WHAT THE EXERCISE ASKS:
What you produce should be an exact transcription of the data, minus any pictures.

START SUPPLIED INFORMATION

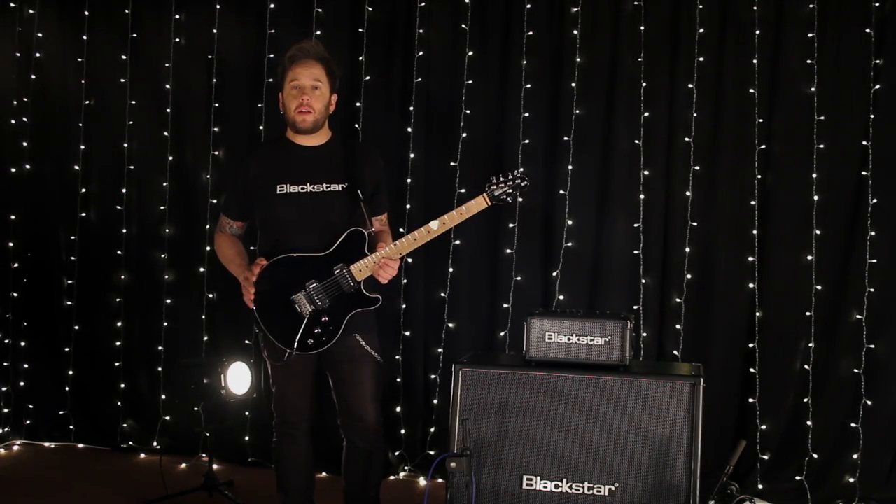It's designed to be simple enough for the beginner to use, with features that will also impress the professional guitarist.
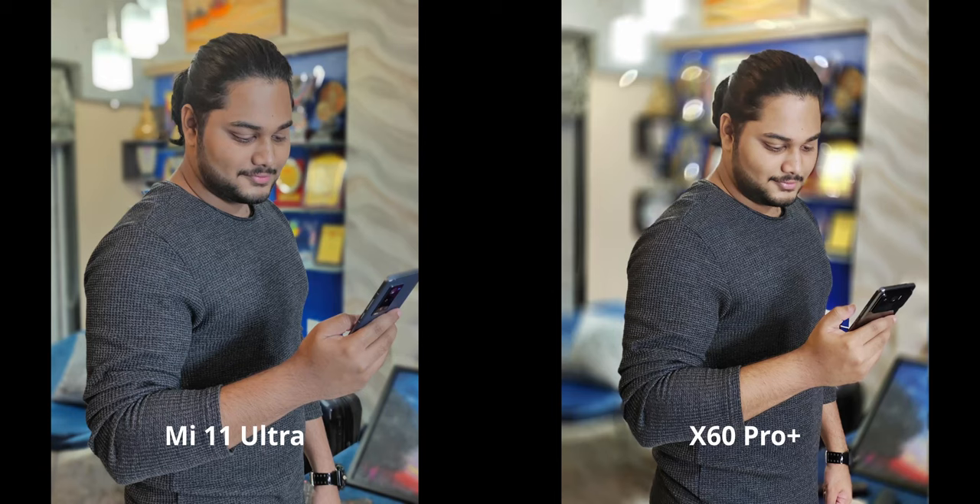Here's another 2x zoom portrait, this time in medium indoor lighting. I also used a biotar effect on the X60 — you can see the swirling bokeh right there. The more bokeh you have, the better it's going to look.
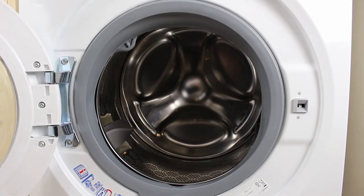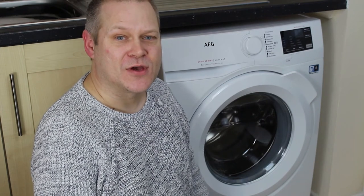This model has a drum size of nine kilograms, which is great for a medium-sized household. These models have got some really cool technology inside.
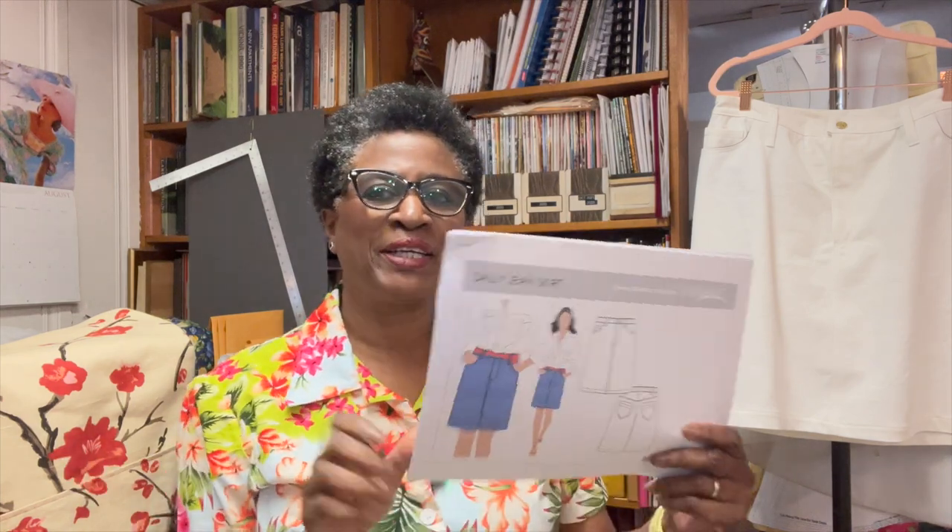Hey everyone, Denise here from Sew Limitless. In today's video I just finished making this jean skirt you see right here, so that's what I'm going to talk about. Let's get started. Welcome back to the channel if you are returning — if you're new here, hi, my name is Denise.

END SUPPLIED INFORMATION

RESPONSE FOR THIS EXERCISE:
It's designed to be simple enough for the beginner to use, with features that will also impress the professional guitarist.
Here's another 2x zoom portrait, this time in medium indoor lighting. I also used a biotar effect on the X60 — you can see the swirling bokeh right there. The more bokeh you have, the better it's going to look.
This model has a drum size of nine kilograms, which is great for a medium-sized household. These models have got some really cool technology inside.
Hey everyone, Denise here from Sew Limitless. In today's video I just finished making this jean skirt you see right here, so that's what I'm going to talk about. Let's get started. Welcome back to the channel if you are returning — if you're new here, hi, my name is Denise.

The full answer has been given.